Long before the pyramids of Egypt rose from the desert sand, there were non-literate people making hand-held records which faithfully displayed the phases of the moon and the paths of the planets across the night sky. These “computers” didn’t plug into anything but were pieces of antler or stone into which were carved notations recording events in the sky. They are remarkable testaments to the intelligence of people living on Earth many thousands of years ago.

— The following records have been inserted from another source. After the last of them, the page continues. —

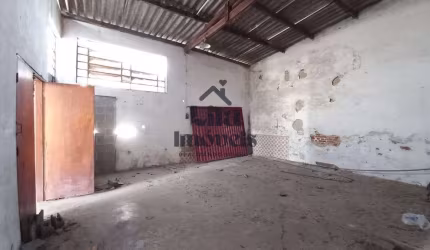 Galpao e Casas Bem Localizados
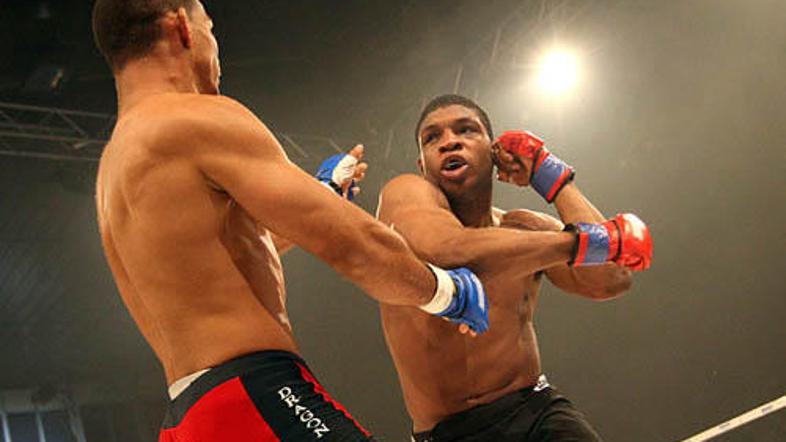 Paul Daley (desno) je tokrat naletel na premočnega nasprotnika. (Foto: Boštjan T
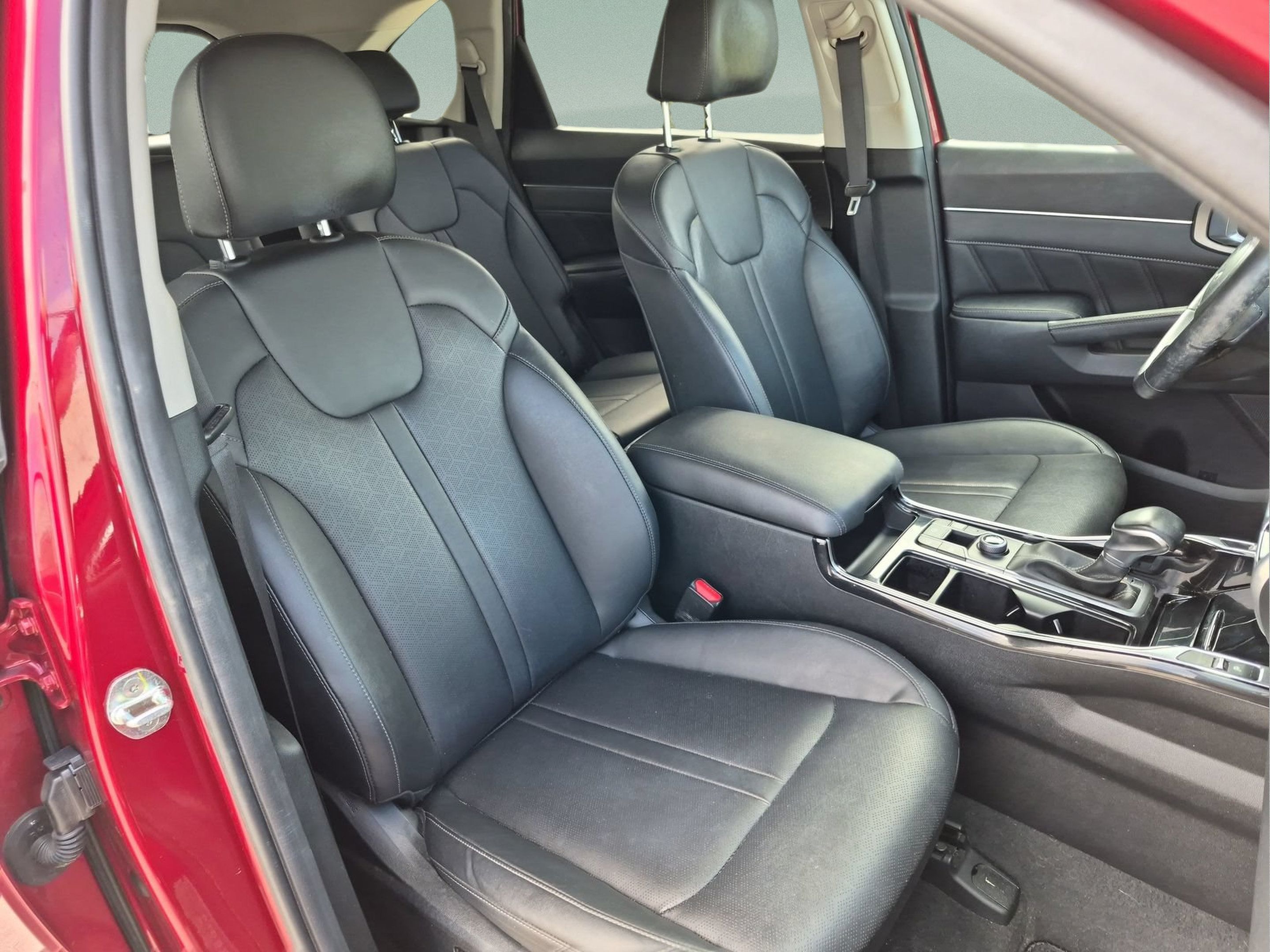 Used 2023 Kia Sorento SX FWD image 19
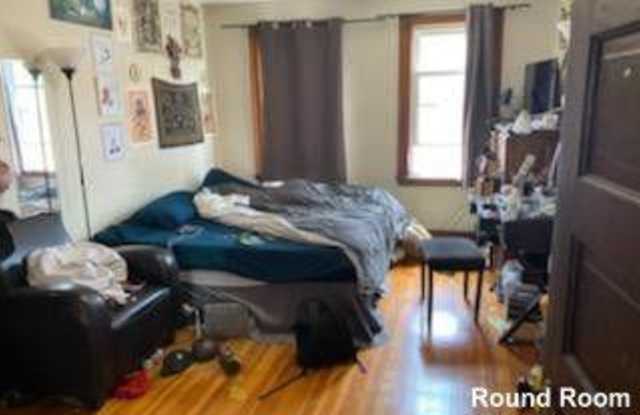 124 Brooks St. Gallery 4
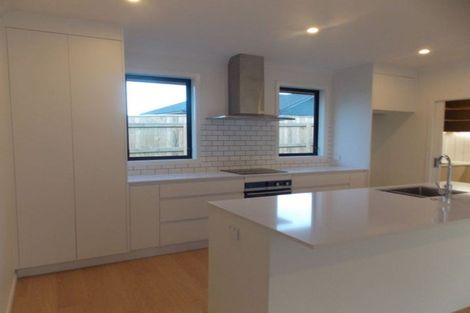 Photo of property in 18 Sardinia Grove, Fitzherbert, Palmerston North, 4410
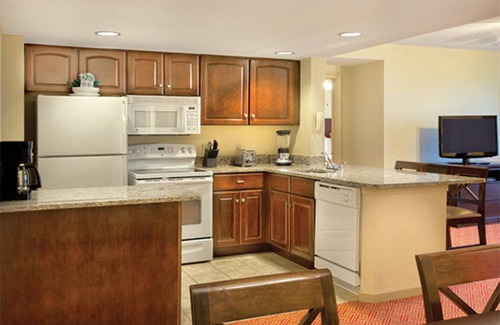 Old Town West Condo | Wyndham Old Town Alexandria, 2 Bedroom Deluxe Condo, Free WiFi and Parking
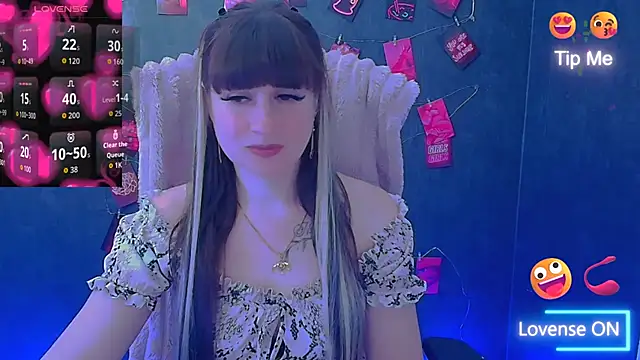 Snapshot of Violla_My chatting on May 10, 5:45 am Violla My online show from May 10, 5:45 am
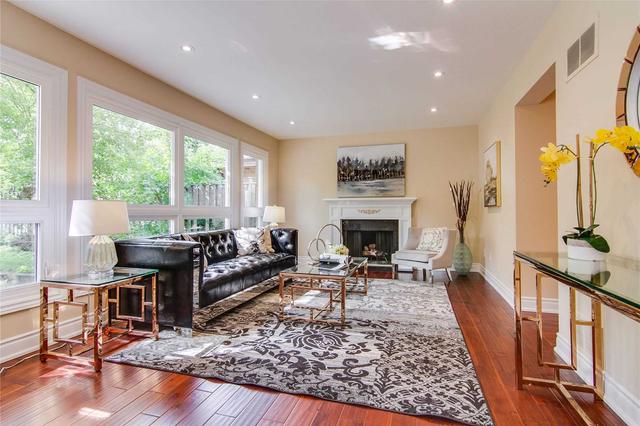 146 Bannatyne Dr, House detached with 4 bedrooms, 4 bathrooms and 6 parking in Toronto ON | Image 10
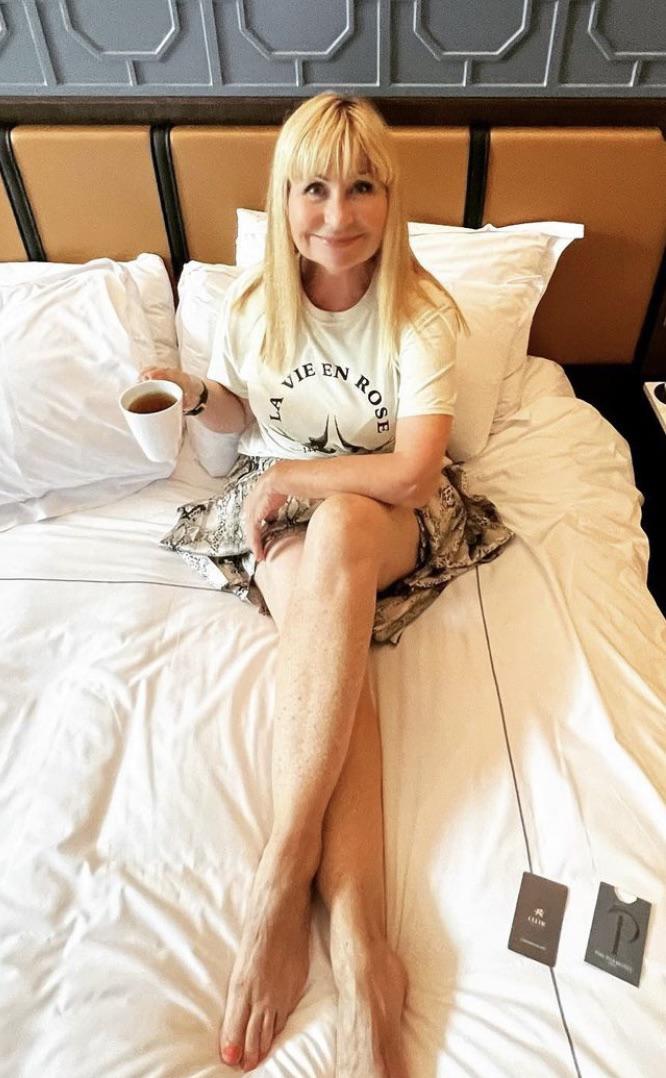 sian lloyd feet 6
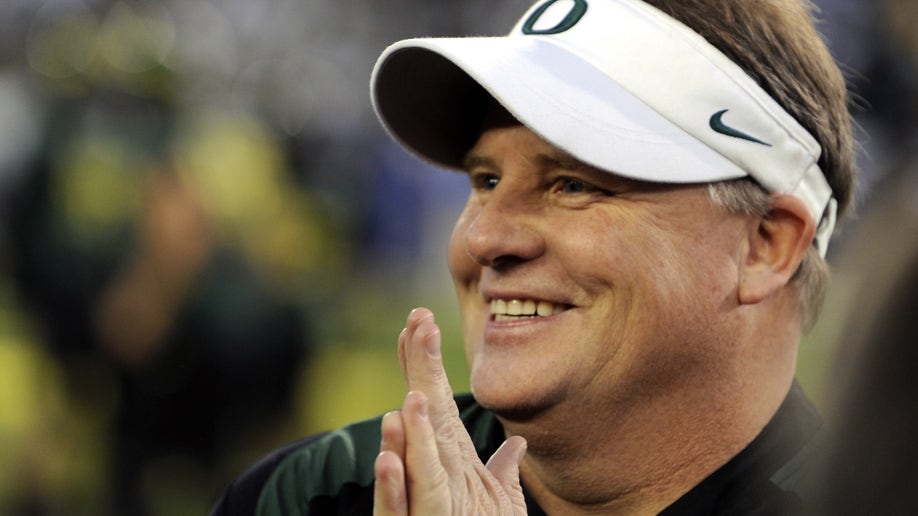 f0003b48-Eagles Kelly Football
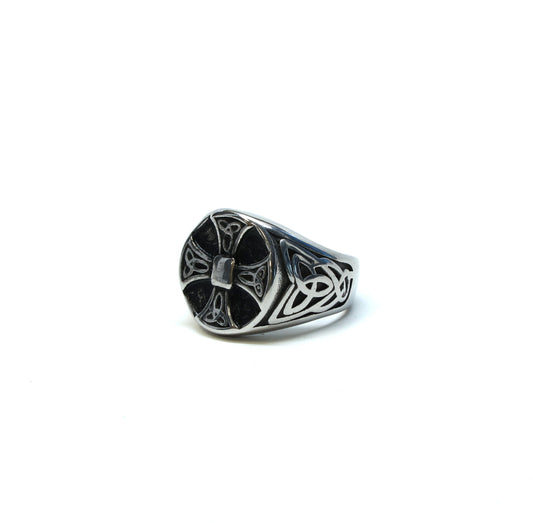 //Style 86-A// 316L Stainless Steel Celtic Cross Ring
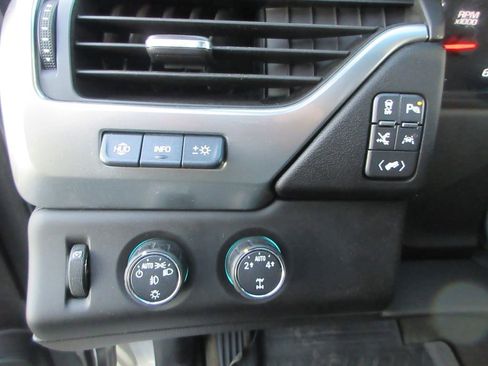 Used 2016 Chevrolet Tahoe LTZ image 27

Paleontologists are unsure when that degree of intelligence was reached in humans but the artifacts are there as mute evidence. It’s hard to grasp the idea that folks living that long ago were able to log accurate observations of the heavens in pieces of antler or bone. But somebody did!
Back when those people were walking the earth half the planet was totally dark all night long. The moon, planets and stars shone with a brilliance lost to us nowadays. To approach such an absence of light today, you’d have to be on the blacked-out deck of a wooden-hulled schooner around midnight in the middle of the ocean. Out there the stars are so bright that you can even see faint colors in the Milky Way.

Those bright stars appear to move in unison on a rotating dome of heaven, locked in patterns that never change while the “stars” we know as planets move erratically, some appearing to advance then going back in reverse before continuing. Many thousands of years later astronomers, in order to explain those mysterious movements, plotted those same retrograde motions as cycles within cycles which you can see etched in cave walls and in fragments of bone and stone by those ancient astronomers.

The ancients also had another way to record movements and phases in the sky. That was by creating mythical stories of great opposing forces of good and evil. This was thousands of years before the invention of writing so that the myths had to be memorized, word for word, in order to be passed down from generation to generation. They were stories made to explain the behavior of heavenly objects but they were “personified” and deliberately mad bizarre to make them memorable.

These stone carvings and myths were the first human efforts to understand things that were going on beyond earthly existence. By recording them over the passing of many generations, people developed an understanding of number and from there to more complicated mathematics, leading ultimately to science.

It is amazing, when you stop to think about it, that these huge things moving around in the sky are proceeding, eon after eon, with the precision of a swiss watch. I admit that it’s way over my head (so to speak) but it provided ancient people with a template for understanding time and number and eventually complex mathematics.
There is a so-called theory that the right hemisphere of your brain is responsible for your creative and artistic tendencies while your left hemisphere does the math and the logical stuff and, if that’s the case then I actually don’t have a left hemishere at all. In fact I feel that both hemispheres of my brain are completely shut down everytime I try to balance my checkbook.
So I am always stunned by the ability of people living before the beginning of history to figure this stuff out.
In 1900, Greek sponge divers discovered an artifact in a shipwreck off the coast of the island of Antikythera. This object appeared to be an astronomical device and, after close examination, scientists determined it to be a multi-geared analog computer or the solar system —- the first mechanical computer in all of history —- dated to the year 87 BC.
And to think —- the people who made that device had no cell phones!
Many generations after the construction of the Antikythera Mechanism, some really smart people came up with theories about the world and the Universe that propelled us into the Modern Age. They were part of a long trail a winding that stretches back before the dawn of history when unknown cave painters and antler inscribers were documenting the passage of time.